::: EXERCISE DATA :::

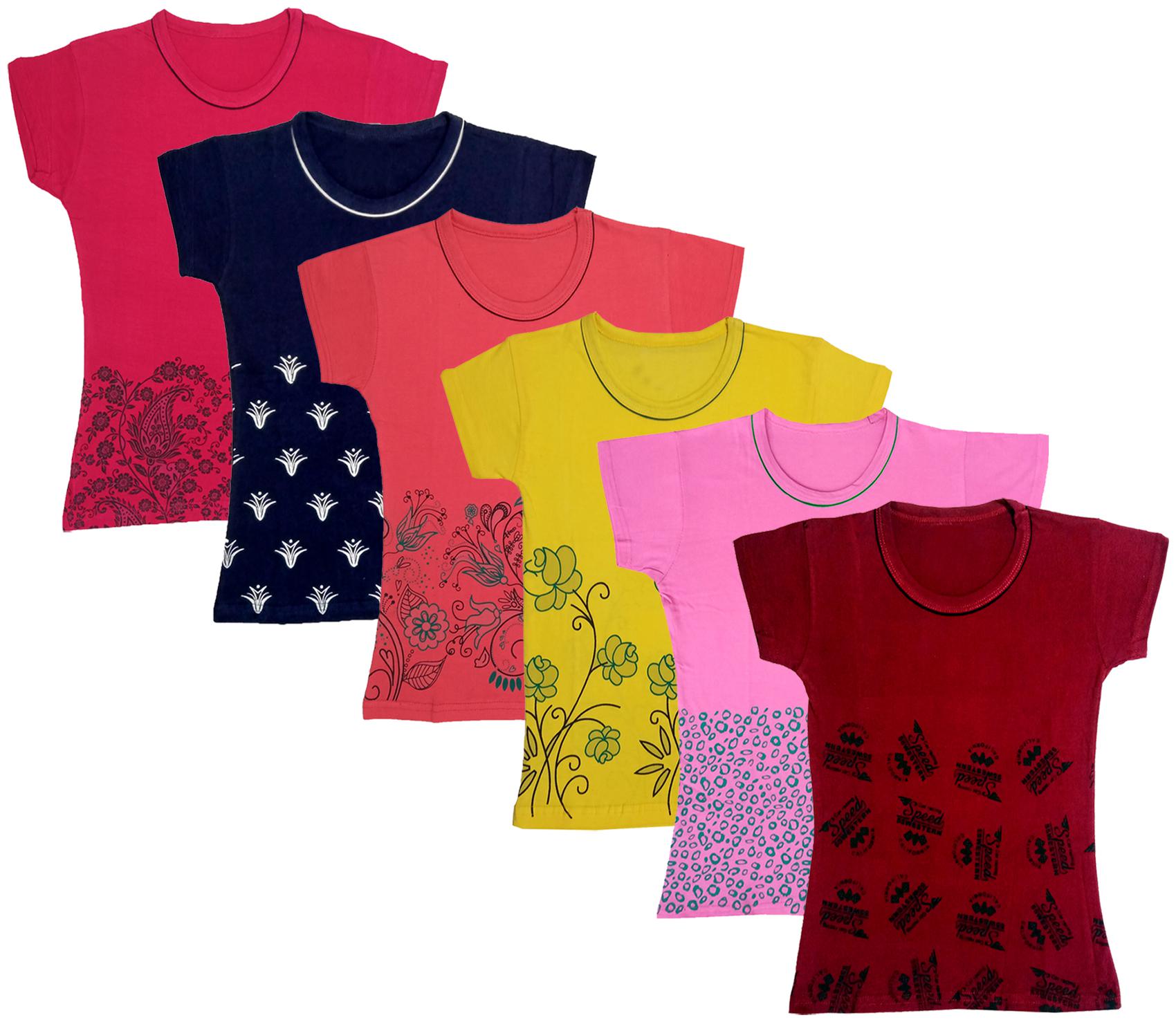 

Indiweaves Girl Cotton Printed T shirt - Multi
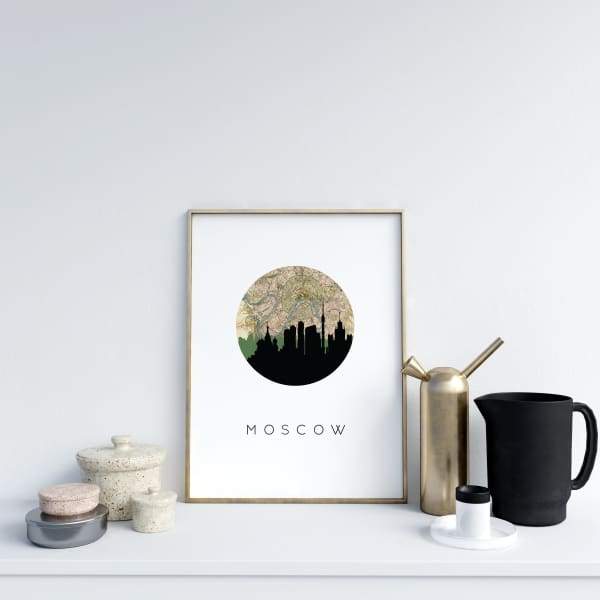 Moscow city skyline with vintage Moscow map - 5x7 Unframed Print - City Map Skyline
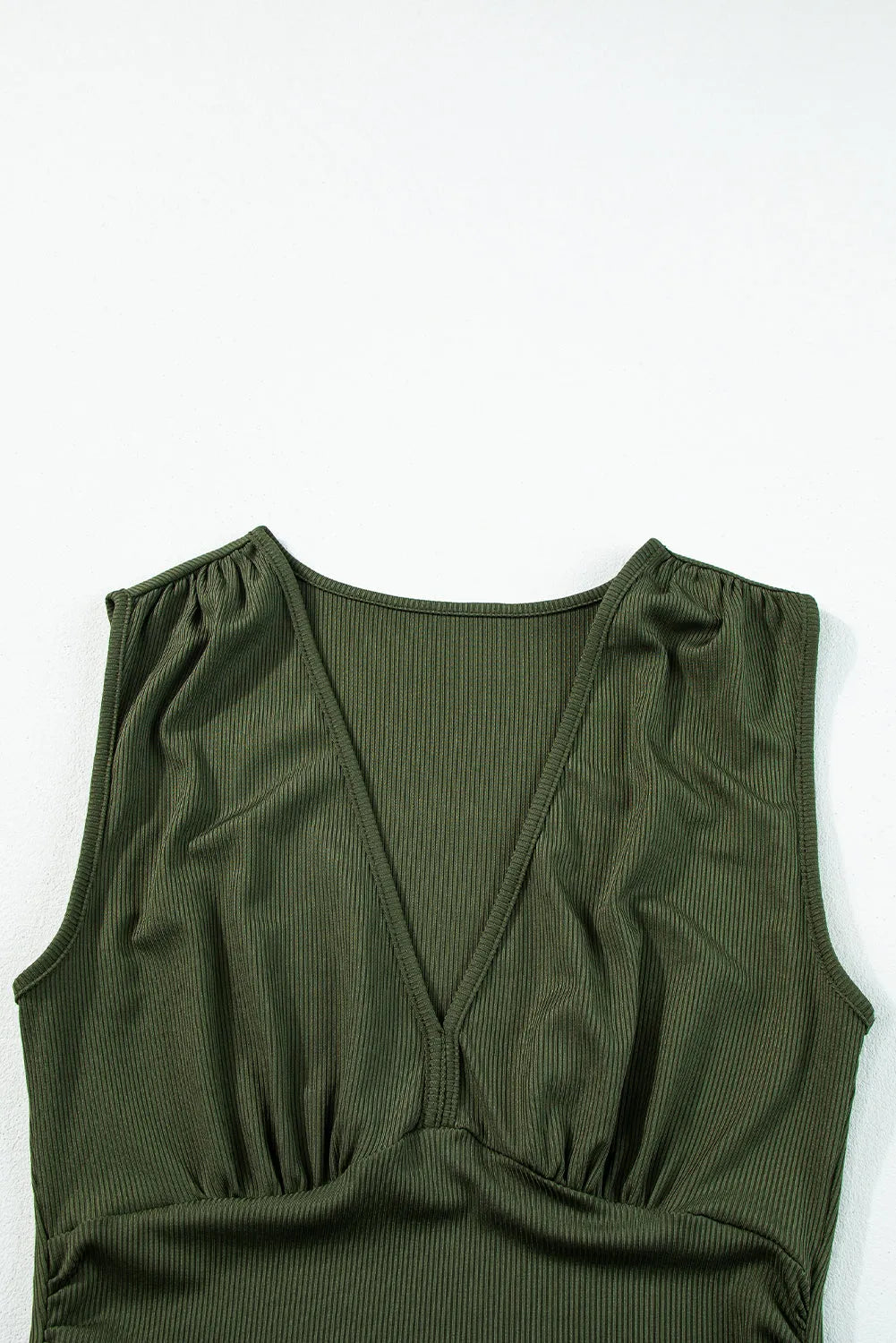 Moss Green Sleeveless V Neck Ruched Wide Leg Jumpsuit - Chic Meadow Boutique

:::

WORK TASK: Print the material word for word without images.

TASK ANSWER:
Indiweaves Girl Cotton Printed T shirt - Multi
 Moscow city skyline with vintage Moscow map - 5x7 Unframed Print - City Map Skyline
 Moss Green Sleeveless V Neck Ruched Wide Leg Jumpsuit - Chic Meadow Boutique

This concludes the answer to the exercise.